> **Task to carry out**
The stretch from the line with "Trending Ramen Puns" through the line with "Gebraucht BMW 116" in the records below: write it out exactly, and nothing else.
++++++++++
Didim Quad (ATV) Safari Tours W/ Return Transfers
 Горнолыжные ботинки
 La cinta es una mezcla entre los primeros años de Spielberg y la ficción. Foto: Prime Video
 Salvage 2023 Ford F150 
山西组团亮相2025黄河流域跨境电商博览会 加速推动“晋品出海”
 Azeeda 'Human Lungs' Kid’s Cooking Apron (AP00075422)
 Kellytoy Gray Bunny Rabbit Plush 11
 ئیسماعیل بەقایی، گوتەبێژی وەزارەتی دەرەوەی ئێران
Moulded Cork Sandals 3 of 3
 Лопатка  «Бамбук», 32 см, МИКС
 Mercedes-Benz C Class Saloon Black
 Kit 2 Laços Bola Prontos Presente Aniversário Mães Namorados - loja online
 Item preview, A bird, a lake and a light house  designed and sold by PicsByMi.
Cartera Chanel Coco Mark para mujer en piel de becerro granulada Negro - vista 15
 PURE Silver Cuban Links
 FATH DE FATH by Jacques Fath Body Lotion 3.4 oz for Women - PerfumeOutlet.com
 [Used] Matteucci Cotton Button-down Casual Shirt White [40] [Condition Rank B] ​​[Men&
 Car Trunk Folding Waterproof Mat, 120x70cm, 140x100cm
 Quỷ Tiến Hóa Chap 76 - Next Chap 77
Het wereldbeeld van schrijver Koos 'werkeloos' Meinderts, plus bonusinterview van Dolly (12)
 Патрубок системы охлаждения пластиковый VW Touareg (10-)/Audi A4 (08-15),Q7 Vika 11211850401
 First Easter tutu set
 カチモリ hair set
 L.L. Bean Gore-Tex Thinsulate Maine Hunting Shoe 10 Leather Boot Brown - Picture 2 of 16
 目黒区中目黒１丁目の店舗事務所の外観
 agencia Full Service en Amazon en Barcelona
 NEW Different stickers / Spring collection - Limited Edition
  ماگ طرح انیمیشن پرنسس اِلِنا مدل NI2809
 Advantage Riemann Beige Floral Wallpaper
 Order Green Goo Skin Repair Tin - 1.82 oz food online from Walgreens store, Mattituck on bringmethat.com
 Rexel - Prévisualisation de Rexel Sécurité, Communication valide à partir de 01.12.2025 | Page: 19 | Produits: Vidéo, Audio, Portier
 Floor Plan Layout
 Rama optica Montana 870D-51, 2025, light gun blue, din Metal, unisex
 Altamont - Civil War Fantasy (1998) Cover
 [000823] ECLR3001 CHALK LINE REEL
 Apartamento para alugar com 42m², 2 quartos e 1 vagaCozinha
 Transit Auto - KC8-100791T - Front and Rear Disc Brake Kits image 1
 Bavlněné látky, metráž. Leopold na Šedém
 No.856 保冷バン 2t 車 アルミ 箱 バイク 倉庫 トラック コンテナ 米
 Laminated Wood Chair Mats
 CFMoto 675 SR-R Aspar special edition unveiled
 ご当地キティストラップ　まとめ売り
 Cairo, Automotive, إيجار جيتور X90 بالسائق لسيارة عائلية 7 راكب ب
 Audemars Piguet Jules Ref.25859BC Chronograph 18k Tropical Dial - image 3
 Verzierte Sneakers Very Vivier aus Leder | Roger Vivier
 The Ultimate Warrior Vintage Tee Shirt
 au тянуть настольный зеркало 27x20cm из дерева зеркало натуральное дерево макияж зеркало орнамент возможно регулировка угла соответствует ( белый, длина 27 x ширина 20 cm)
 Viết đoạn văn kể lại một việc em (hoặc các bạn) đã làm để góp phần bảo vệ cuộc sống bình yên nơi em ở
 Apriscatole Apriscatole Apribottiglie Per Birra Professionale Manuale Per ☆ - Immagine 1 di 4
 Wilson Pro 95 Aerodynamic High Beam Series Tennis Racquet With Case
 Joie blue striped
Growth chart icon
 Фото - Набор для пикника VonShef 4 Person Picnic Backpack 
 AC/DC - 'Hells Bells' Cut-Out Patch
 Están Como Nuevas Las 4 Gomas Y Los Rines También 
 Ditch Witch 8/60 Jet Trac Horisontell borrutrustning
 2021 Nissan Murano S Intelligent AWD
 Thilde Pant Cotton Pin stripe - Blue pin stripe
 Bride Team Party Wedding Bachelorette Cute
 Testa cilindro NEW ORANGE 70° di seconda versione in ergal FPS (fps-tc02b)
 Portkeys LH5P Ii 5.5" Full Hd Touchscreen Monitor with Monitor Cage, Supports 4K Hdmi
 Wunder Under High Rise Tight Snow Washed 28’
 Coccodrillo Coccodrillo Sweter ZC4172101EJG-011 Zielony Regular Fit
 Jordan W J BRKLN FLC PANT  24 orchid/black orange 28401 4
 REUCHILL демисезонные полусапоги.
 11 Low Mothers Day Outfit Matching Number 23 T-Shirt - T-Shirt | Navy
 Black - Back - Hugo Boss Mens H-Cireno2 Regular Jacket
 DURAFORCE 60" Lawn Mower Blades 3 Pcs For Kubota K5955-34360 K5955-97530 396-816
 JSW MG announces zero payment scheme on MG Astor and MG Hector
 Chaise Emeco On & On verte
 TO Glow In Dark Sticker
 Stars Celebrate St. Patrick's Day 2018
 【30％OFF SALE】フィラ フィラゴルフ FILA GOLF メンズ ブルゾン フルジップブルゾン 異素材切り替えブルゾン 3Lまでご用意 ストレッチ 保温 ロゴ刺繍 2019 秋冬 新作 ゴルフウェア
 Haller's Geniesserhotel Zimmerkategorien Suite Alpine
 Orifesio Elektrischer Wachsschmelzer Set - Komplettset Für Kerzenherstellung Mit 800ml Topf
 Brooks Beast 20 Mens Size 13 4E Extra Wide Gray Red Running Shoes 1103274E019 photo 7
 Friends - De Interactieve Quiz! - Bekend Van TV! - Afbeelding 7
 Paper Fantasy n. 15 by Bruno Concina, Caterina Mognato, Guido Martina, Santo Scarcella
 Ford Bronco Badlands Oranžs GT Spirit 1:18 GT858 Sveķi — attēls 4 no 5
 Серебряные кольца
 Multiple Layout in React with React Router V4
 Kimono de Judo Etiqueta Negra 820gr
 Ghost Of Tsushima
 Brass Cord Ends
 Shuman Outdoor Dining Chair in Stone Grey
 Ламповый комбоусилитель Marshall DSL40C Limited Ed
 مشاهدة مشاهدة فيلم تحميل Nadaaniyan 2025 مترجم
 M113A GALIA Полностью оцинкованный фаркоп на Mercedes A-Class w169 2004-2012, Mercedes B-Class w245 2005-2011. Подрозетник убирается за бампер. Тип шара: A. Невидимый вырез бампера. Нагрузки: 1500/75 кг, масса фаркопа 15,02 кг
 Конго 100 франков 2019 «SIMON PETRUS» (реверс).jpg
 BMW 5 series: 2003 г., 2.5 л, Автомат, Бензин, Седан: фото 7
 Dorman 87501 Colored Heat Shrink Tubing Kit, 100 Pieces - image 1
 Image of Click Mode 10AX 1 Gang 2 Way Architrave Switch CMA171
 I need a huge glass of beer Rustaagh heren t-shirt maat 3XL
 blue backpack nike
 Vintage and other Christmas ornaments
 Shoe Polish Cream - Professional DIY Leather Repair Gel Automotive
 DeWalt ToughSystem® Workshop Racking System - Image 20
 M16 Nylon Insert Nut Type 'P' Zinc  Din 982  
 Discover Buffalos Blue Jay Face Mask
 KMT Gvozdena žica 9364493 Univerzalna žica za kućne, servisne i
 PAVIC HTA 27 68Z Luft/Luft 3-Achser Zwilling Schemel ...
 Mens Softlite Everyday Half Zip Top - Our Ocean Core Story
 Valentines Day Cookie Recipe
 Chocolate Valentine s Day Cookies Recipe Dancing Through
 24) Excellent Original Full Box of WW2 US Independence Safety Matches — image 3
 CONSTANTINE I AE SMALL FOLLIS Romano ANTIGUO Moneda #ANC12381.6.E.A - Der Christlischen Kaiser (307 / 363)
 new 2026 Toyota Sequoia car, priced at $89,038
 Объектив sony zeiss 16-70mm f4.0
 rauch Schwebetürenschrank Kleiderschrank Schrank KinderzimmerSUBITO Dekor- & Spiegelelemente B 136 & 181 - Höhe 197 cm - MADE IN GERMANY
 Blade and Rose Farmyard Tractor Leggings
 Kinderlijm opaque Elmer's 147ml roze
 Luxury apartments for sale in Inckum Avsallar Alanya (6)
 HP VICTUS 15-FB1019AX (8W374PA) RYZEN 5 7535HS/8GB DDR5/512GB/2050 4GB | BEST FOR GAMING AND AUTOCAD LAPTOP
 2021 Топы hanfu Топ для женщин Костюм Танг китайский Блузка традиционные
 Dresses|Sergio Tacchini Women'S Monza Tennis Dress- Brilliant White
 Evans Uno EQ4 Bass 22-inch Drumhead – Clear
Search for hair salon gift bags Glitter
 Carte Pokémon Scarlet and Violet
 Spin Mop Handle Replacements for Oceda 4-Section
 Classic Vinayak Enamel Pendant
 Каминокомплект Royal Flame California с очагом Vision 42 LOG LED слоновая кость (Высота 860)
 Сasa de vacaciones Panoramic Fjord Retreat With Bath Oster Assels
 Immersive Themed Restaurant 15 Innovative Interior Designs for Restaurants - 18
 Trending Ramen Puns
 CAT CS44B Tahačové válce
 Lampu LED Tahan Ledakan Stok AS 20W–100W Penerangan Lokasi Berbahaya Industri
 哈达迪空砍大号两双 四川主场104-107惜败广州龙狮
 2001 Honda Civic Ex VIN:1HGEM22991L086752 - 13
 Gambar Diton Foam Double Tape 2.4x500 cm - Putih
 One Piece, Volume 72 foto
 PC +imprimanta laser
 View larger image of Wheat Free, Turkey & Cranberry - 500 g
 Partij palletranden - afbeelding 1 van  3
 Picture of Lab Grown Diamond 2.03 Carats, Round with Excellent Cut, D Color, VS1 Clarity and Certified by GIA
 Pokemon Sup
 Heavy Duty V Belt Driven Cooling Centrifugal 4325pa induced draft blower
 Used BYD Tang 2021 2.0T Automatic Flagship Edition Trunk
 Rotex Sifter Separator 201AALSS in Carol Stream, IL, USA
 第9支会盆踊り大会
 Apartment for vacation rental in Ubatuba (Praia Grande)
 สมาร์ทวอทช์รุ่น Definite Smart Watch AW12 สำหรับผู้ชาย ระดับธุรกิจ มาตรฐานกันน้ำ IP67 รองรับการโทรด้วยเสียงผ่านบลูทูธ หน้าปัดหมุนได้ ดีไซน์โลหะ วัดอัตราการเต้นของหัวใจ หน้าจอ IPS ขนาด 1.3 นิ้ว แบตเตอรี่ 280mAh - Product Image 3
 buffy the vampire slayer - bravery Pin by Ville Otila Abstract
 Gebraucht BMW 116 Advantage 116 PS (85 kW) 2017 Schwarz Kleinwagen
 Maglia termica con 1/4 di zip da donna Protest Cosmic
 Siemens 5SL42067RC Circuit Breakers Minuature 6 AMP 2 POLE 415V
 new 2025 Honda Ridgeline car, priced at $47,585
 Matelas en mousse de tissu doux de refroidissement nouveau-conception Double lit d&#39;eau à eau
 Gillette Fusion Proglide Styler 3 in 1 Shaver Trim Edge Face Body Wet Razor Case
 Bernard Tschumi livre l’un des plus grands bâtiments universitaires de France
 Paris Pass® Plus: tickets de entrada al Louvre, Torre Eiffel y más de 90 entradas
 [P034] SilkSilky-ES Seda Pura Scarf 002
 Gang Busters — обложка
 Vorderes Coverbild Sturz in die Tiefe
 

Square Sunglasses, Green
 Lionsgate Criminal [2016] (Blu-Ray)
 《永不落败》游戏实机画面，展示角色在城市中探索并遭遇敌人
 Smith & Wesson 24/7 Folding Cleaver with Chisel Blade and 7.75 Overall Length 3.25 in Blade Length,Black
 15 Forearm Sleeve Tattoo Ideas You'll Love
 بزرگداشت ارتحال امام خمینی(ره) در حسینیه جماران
++++++++++
> **Answer for the task**
 Trending Ramen Puns
 CAT CS44B Tahačové válce
 Lampu LED Tahan Ledakan Stok AS 20W–100W Penerangan Lokasi Berbahaya Industri
 哈达迪空砍大号两双 四川主场104-107惜败广州龙狮
 2001 Honda Civic Ex VIN:1HGEM22991L086752 - 13
 Gambar Diton Foam Double Tape 2.4x500 cm - Putih
 One Piece, Volume 72 foto
 PC +imprimanta laser
 View larger image of Wheat Free, Turkey & Cranberry - 500 g
 Partij palletranden - afbeelding 1 van  3
 Picture of Lab Grown Diamond 2.03 Carats, Round with Excellent Cut, D Color, VS1 Clarity and Certified by GIA
 Pokemon Sup
 Heavy Duty V Belt Driven Cooling Centrifugal 4325pa induced draft blower
 Used BYD Tang 2021 2.0T Automatic Flagship Edition Trunk
 Rotex Sifter Separator 201AALSS in Carol Stream, IL, USA
 第9支会盆踊り大会
 Apartment for vacation rental in Ubatuba (Praia Grande)
 สมาร์ทวอทช์รุ่น Definite Smart Watch AW12 สำหรับผู้ชาย ระดับธุรกิจ มาตรฐานกันน้ำ IP67 รองรับการโทรด้วยเสียงผ่านบลูทูธ หน้าปัดหมุนได้ ดีไซน์โลหะ วัดอัตราการเต้นของหัวใจ หน้าจอ IPS ขนาด 1.3 นิ้ว แบตเตอรี่ 280mAh - Product Image 3
 buffy the vampire slayer - bravery Pin by Ville Otila Abstract
 Gebraucht BMW 116 Advantage 116 PS (85 kW) 2017 Schwarz Kleinwagen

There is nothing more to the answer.